Microsoft’s Xbox division took a significant hit in Q1 2015 after holiday price cuts drove unit shipments upwards, but decreased the amount of profit Redmond earned on each system. The company reports that Xbox division revenues fell by $306 million or 24% compared with the first quarter of 2014. Microsoft chalks up 20% of the decline to price cuts, with a 4% drop thanks to currency adjustments and a strong US dollar.
Ars Technica has analyzed the likely split between the Xbox One and Xbox 360, since Microsoft no longer breaks out sales between the two devices, and calculated that the Xbox One likely moved between 1.12 and 1.34 million units over the past three months, roughly in line with the 1.2 million units it moved last year. While flat sales in a seasonally off-peak quarter aren’t bad by any means, they still put the Xbox division well behind Sony, which sold 1.7 million consoles in just January and February.
In other words, if Sony sold the same number of consoles in all three months of the year and Microsoft sold its 1.2 million as estimated, the PS4 still sold twice as many systems as the Xbox One.
The Xbox hasn’t failed — but is this success?
Let’s get something out of the way up front: I am not a console fanboy.
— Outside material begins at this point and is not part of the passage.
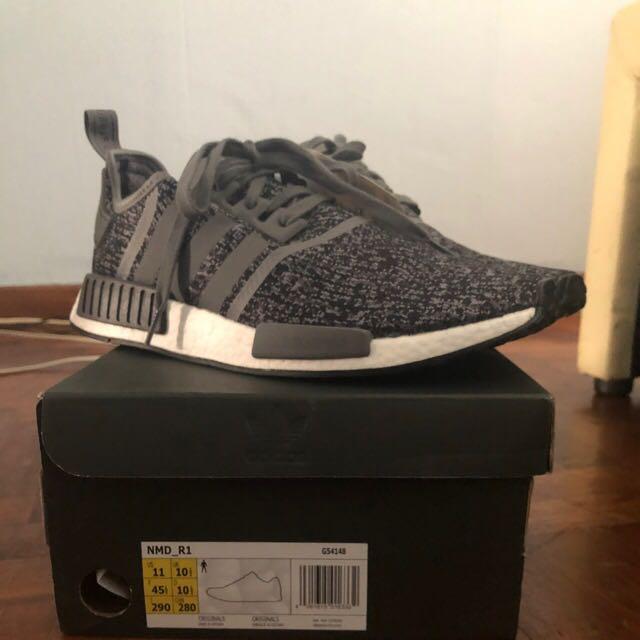 Adidas NMD R1 dark grey, Men's Fashion 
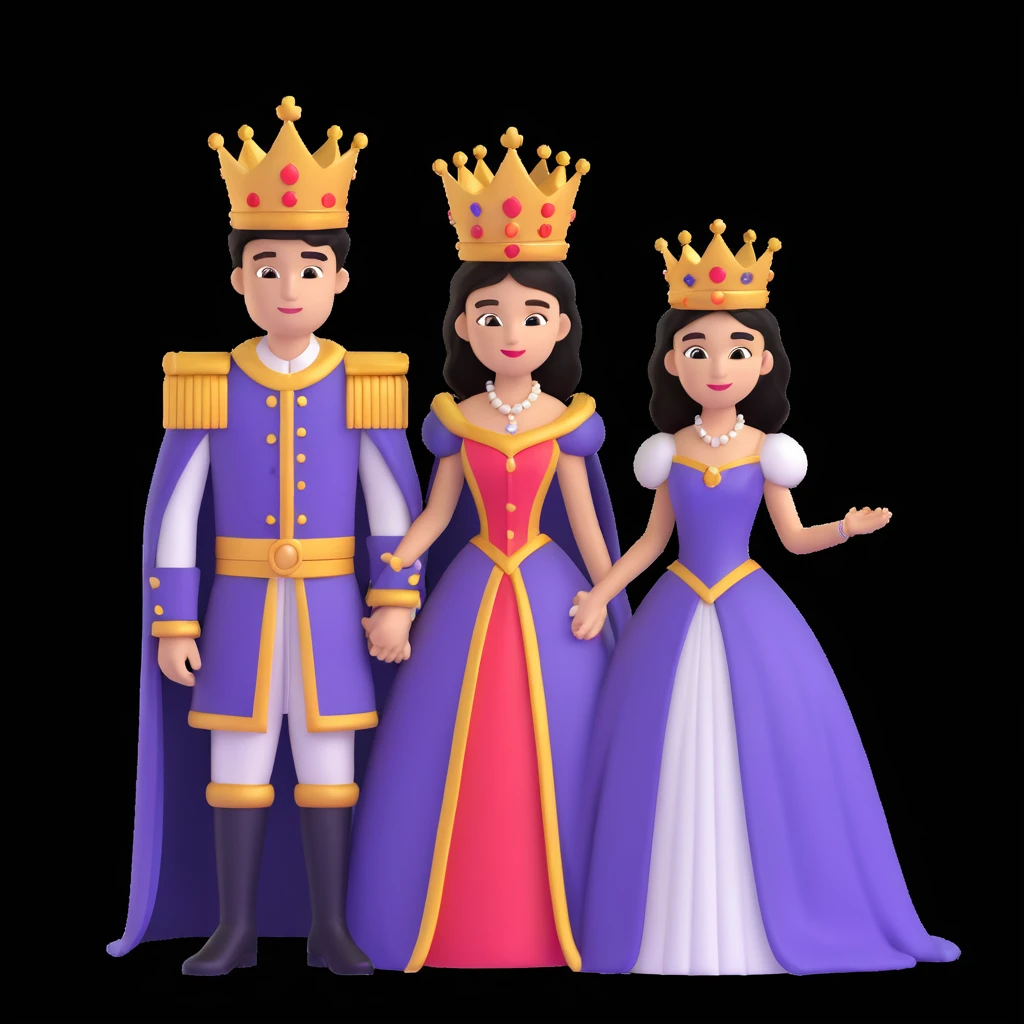 young king and queen posing emoji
In my adult life I’ve owned a Wii, a GameCube, and a Sony PS2. I’m a PC gamer first and foremost, which means I don’t have a personal stake in this fight.
It’s become common for stories like this to quickly turn into mud-slinging festivals between Xbox fanboys convinced Sony is a year or two from bankruptcy and Sony fans who apparently believe the Xbox One packs the game performance of a Commodore 64. The factual truth is, Microsoft isn’t in an objectively bad position here — the PS3 was in far worse shape against the Xbox 360 at this point in its life cycle than the Xbox One is against the PS4. For one thing, Microsoft isn’t losing hundreds of dollars per unit.
This graph of the PS3’s life cycle through 2011 shows just how much of a blood bath it was for Sony. Microsoft is far ahead of the curve on this front.
Microsoft’s biggest problem with the Xbox One, in my opinion, has nothing to do with the fact that it’s somewhat less powerful than the PS4. Developers have demonstrated that they can work within the limits of the platform, and while the PS4 often has an edge in graphics or smoothness, it’s not enormous. The bigger problem for Microsoft is that it*clearly had an entire vision of the Xbox One that was written around Kinect and the concept of the Kinected (pun intend) home.
Sources have told us that Microsoft was internally stunned at the reaction to its Kinect unveiling in 2013, having never anticipated the blowback it got from the press. The problem was simple: Microsoft didn’t unveil a cohesive gaming strategy to show how titles would use Kinect to deliver cutting-edge gameplay that no other company could match. As a result, readers looked for other reasons why MS would deploy an always-on camera and found them in spades. Edward Snowden’s disclosures, which demonstrated that Microsoft was already obligated to share data with the NSA, effectively killed Kinect.
Microsoft, to its credit, walked away from its own plans for the Xbox One and pivoted the system to match Sony’s “It plays games” philosophy. They’ve fought back with price cuts and added system features. But without a really killer title — the Halo collection that might have filled that role has proven to be a buggy, half-finished wreck — they’re languishing in Sony’s shadow.
The next big chance for Microsoft to change its standing will be later this year, when Halo 5 ships. A great Halo could reinvigorate Microsoft’s entire gaming division, just as Halo (and to some extent, Halo 3) drove sales of the original Xbox and Xbox 360. Until then, or unless Microsoft articulates a new philosophy for why consumers should be buying Xboxes and not PS4’s, the console seems stuck in second place.